◆ How to complete this task
All of the records below must be output exactly, with no pictures carried over.

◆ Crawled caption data
• • • • •

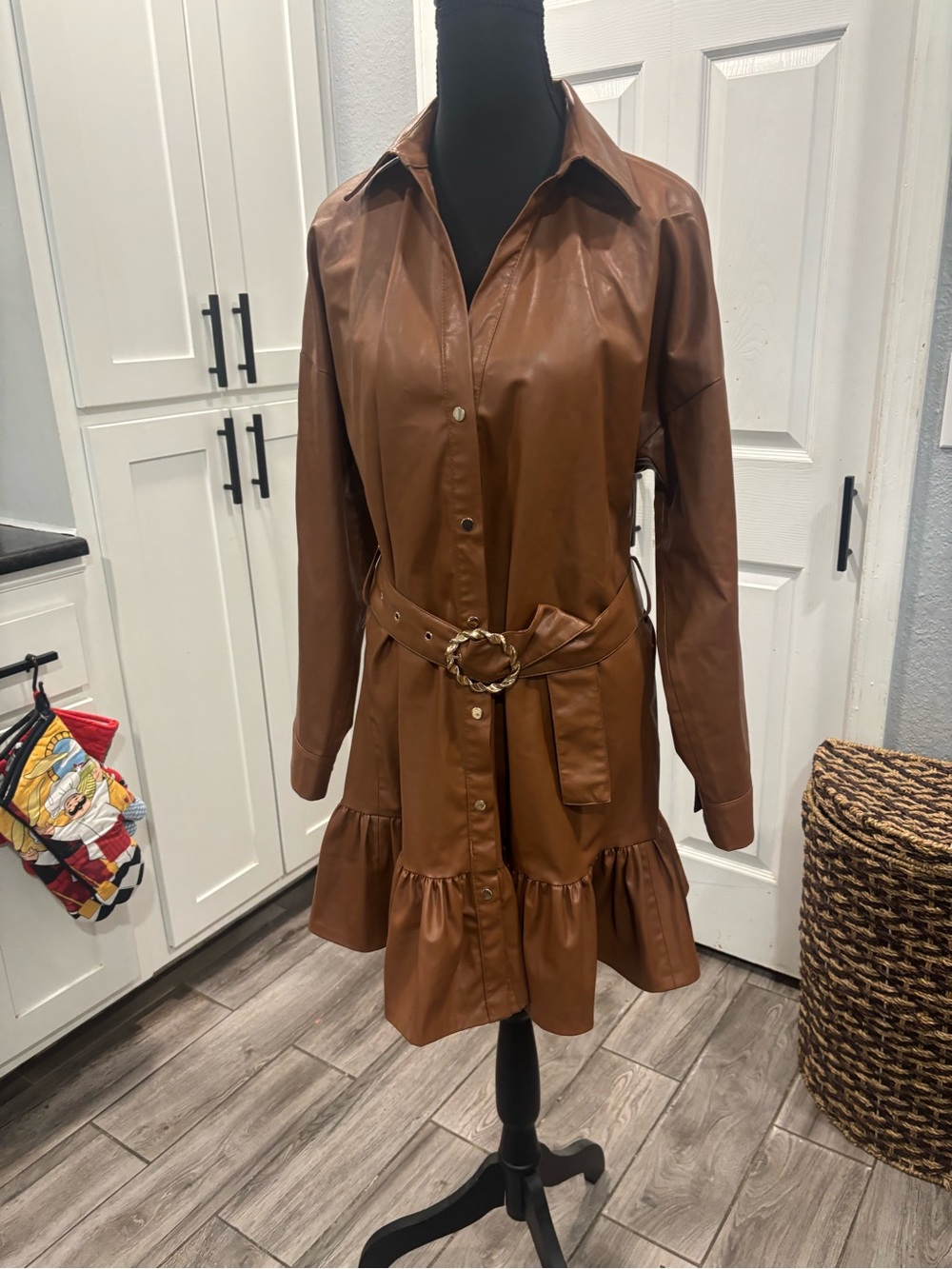 Zara Women's Brown Faux Leather Belted Shirt Dress Jacket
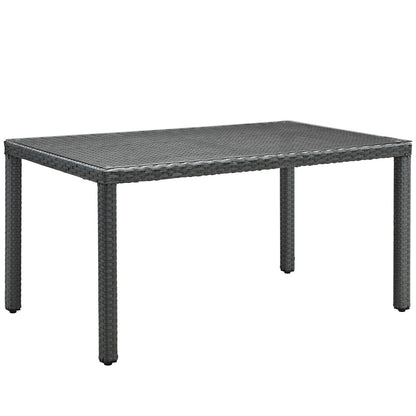 Dining Table | Sojourn 59 Outdoor Patio Dining Table | Sturdy & Versatile Seating | Synthetic Rattan Weave | UV Protection | Powder-Coated Aluminum Frame | casafoyer.myshopify.com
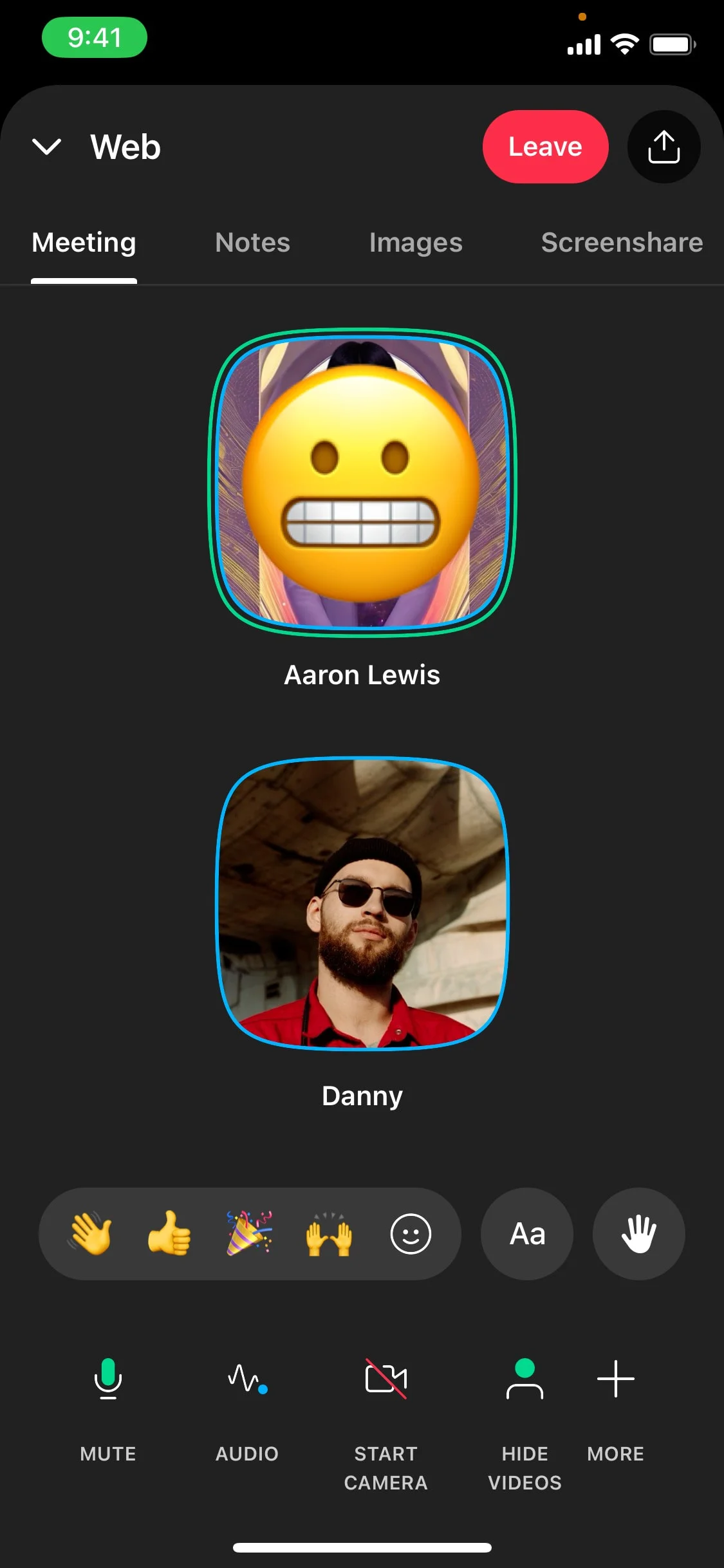 Around UI Design Screenshot: Lightweight Video Calls for Hybrid Teams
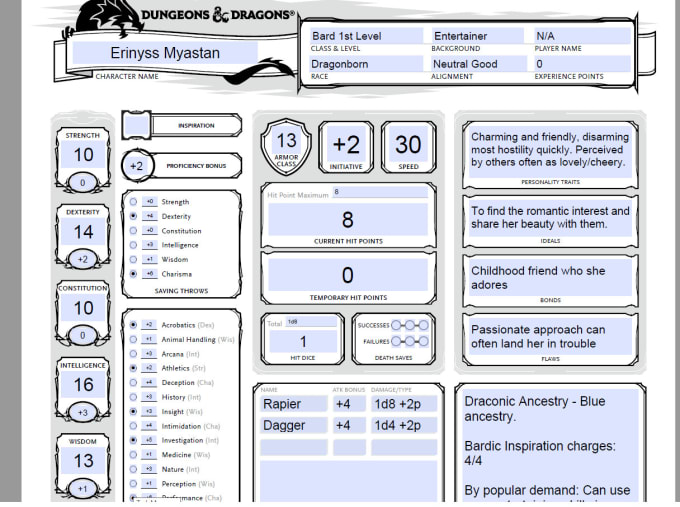dungeons and dragons 5e character builder open office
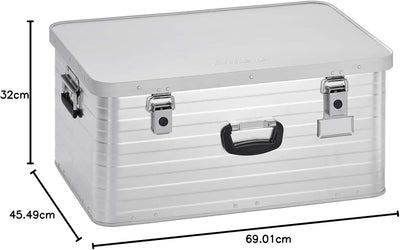 Enders Alubox 80 L mit Schloss Set - Aluminium Box 1 mm Wandstärke, spritzwasserdicht, stapelbar - A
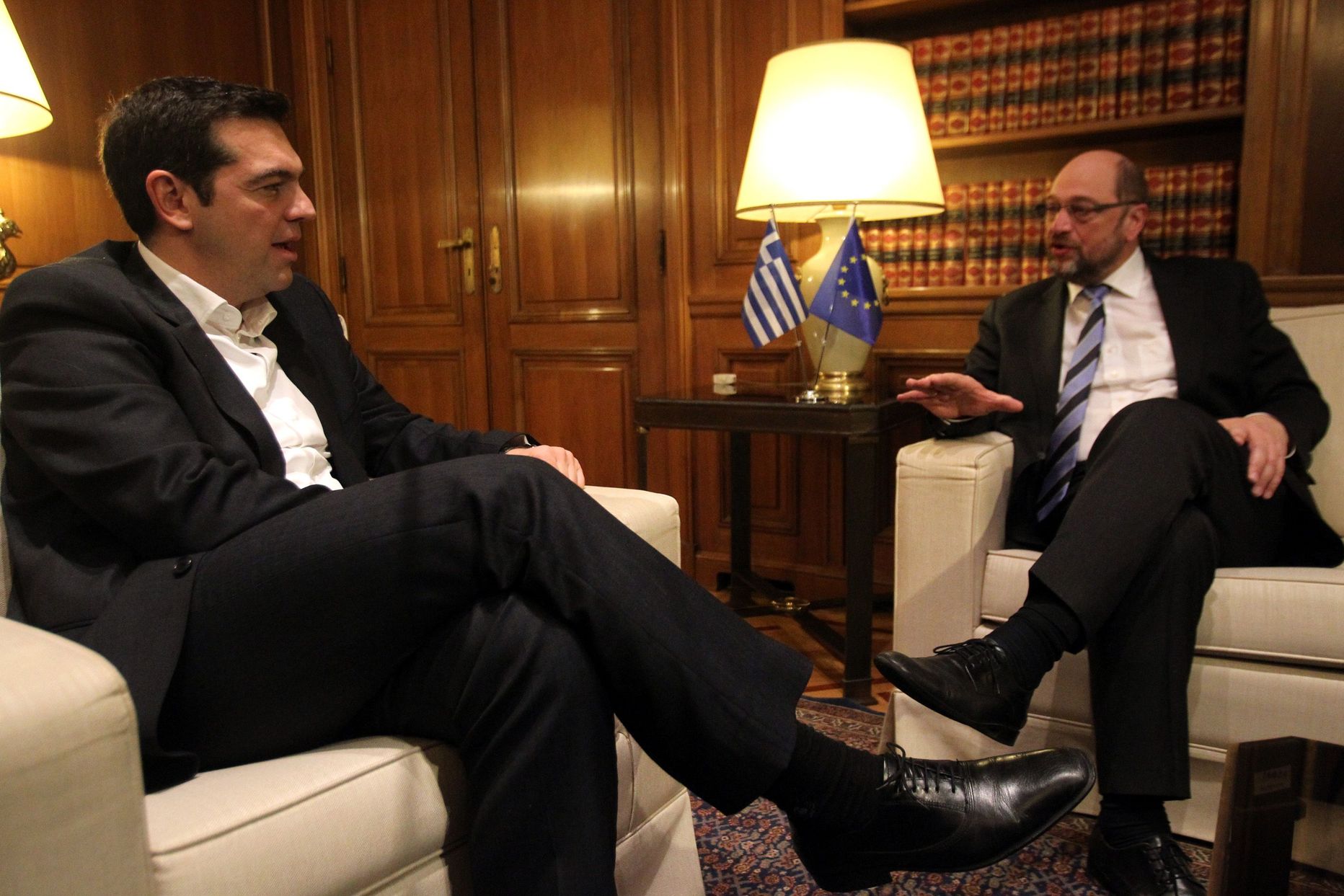 Kreeka peaminister Alexis Tsipras (vasakul) ja Euroopa parlamendi president Martin Schulz.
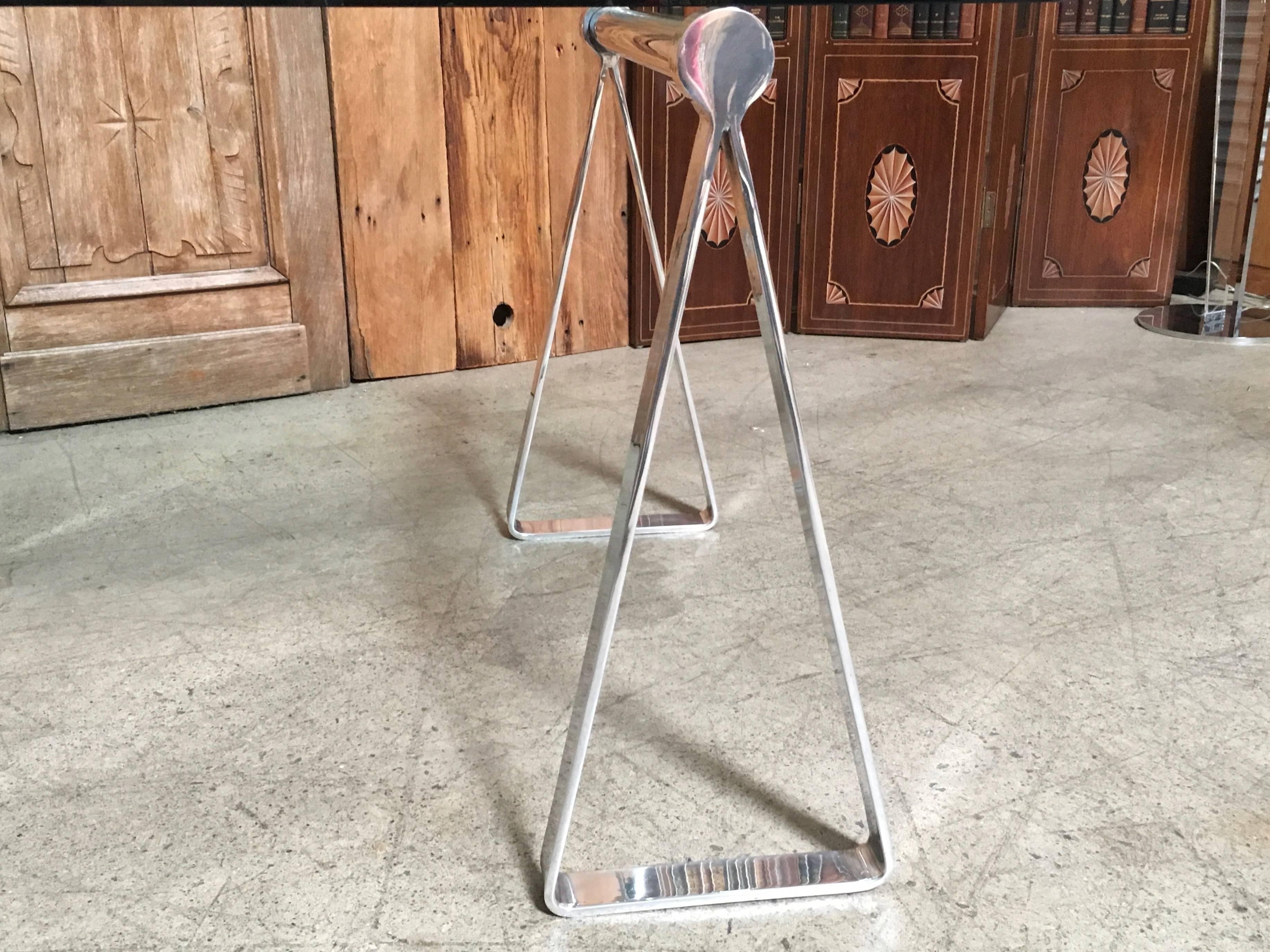 Mirrored Polished Aluminum Sawhorse Table Desk 1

• • • • •

◆ Solution for this problem
 Zara Women's Brown Faux Leather Belted Shirt Dress Jacket
 Dining Table | Sojourn 59 Outdoor Patio Dining Table | Sturdy & Versatile Seating | Synthetic Rattan Weave | UV Protection | Powder-Coated Aluminum Frame | casafoyer.myshopify.com
 Around UI Design Screenshot: Lightweight Video Calls for Hybrid Teams
dungeons and dragons 5e character builder open office
 Enders Alubox 80 L mit Schloss Set - Aluminium Box 1 mm Wandstärke, spritzwasserdicht, stapelbar - A
 Kreeka peaminister Alexis Tsipras (vasakul) ja Euroopa parlamendi president Martin Schulz.
 Mirrored Polished Aluminum Sawhorse Table Desk 1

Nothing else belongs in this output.